# Init-Skripte langsamer / verzögerter Desktop-Start

## sprittwicht

Seit einem der letzten Updates startet mein Xserver deutlich später als vorher.

Das ist besonders nervig, da er erst auf das Timeout eines nicht immer verfügbaren NFS-Shares wartet.

Kann ich irgendwie das alte Verhalten wiederherstellen oder zumindest den Timeout herabsetzen?

----------

## mike155

Spannend. Ich habe ein ähnliches Problem - wobei ich nicht sagen kann, ob wir das gleiche Problem haben.

Seit meinem Upgrade von Kernel 4.9.13 auf 4.9.14. startet X nicht mehr. Das Problem tritt auf bei allen Kerneln >= 4.9.14. Mit Kerneln davor habe ich das Problem nicht.

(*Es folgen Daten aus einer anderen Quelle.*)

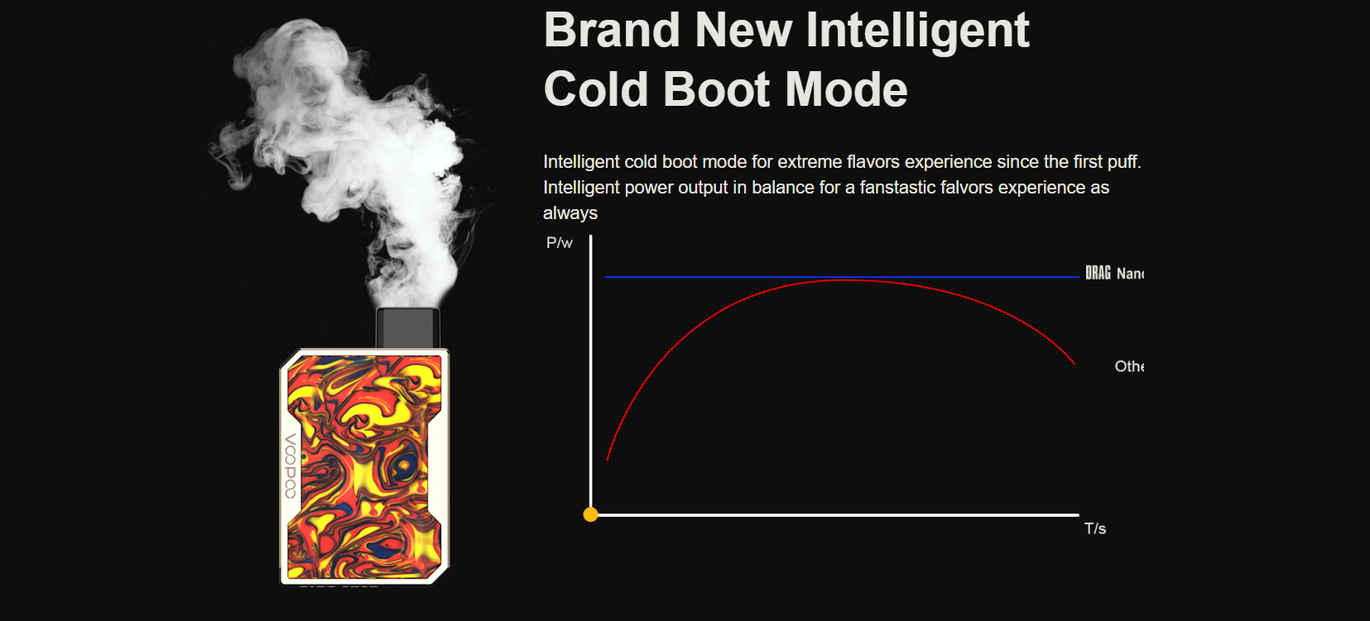 voopoo drag nano pod kit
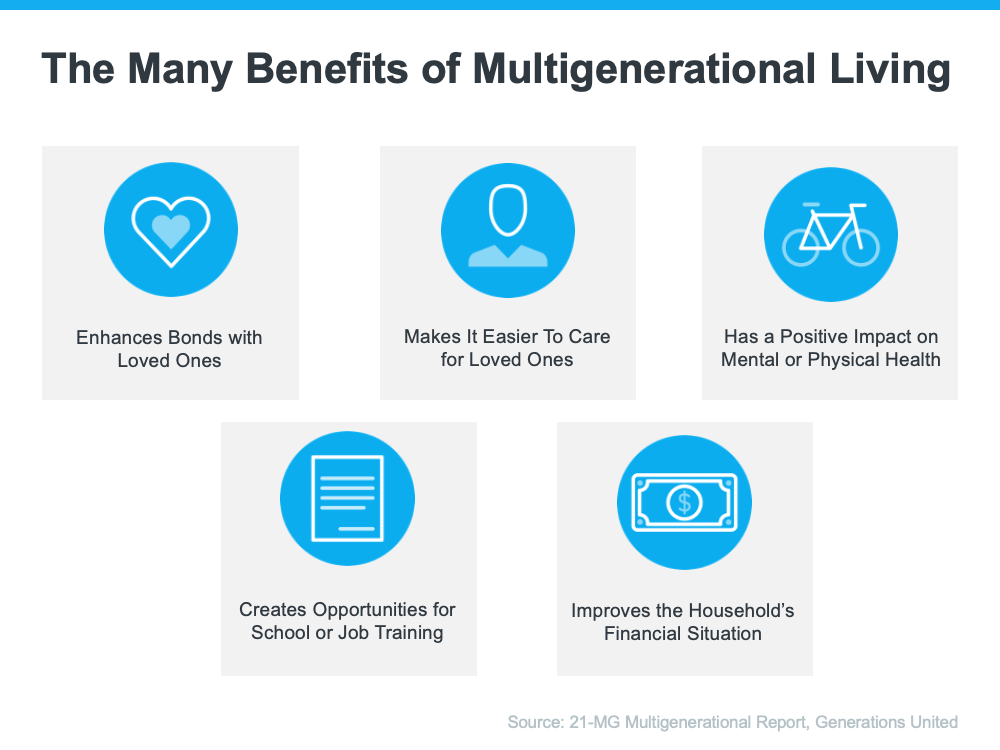 Millions of Americans Have Discovered the Benefits of Multigenerational Households | Fontaine Family Team | Maine Real Estate Blog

Die Ursache sind folgende 5 Patches von 4.9.14 vom 12 März 2017:

 +++ b/fs/nfs/flexfilelayout/flexfilelayout.c

 +++ b/fs/nfs/nfs42proc.c

 +++ b/fs/nfs/nfs4proc.c

 +++ b/fs/nfs/nfs4xdr.c

 +++ b/fs/nfsd/vfs.c

Sobald ich diese 5 Patches aus dem Kernel 4.9.14 (oder neueren) entferne, startet X. Mit diesen 5 Patches erscheint nur ein schwarzer Bildschirm.

Ich hatte noch keine Zeit, weiter nach der Fehlerursache zu suchen. Was mich wundert ist, dass offenbar sonst niemand diese Probleme hat. Insofern vermute ich, dass ich irgendeine besondere Konfiguration habe, die sonst niemand hat...

----------

## sprittwicht

Denke das ist ein anderes Problem. Mein X startet ja, nur eben später als sonst.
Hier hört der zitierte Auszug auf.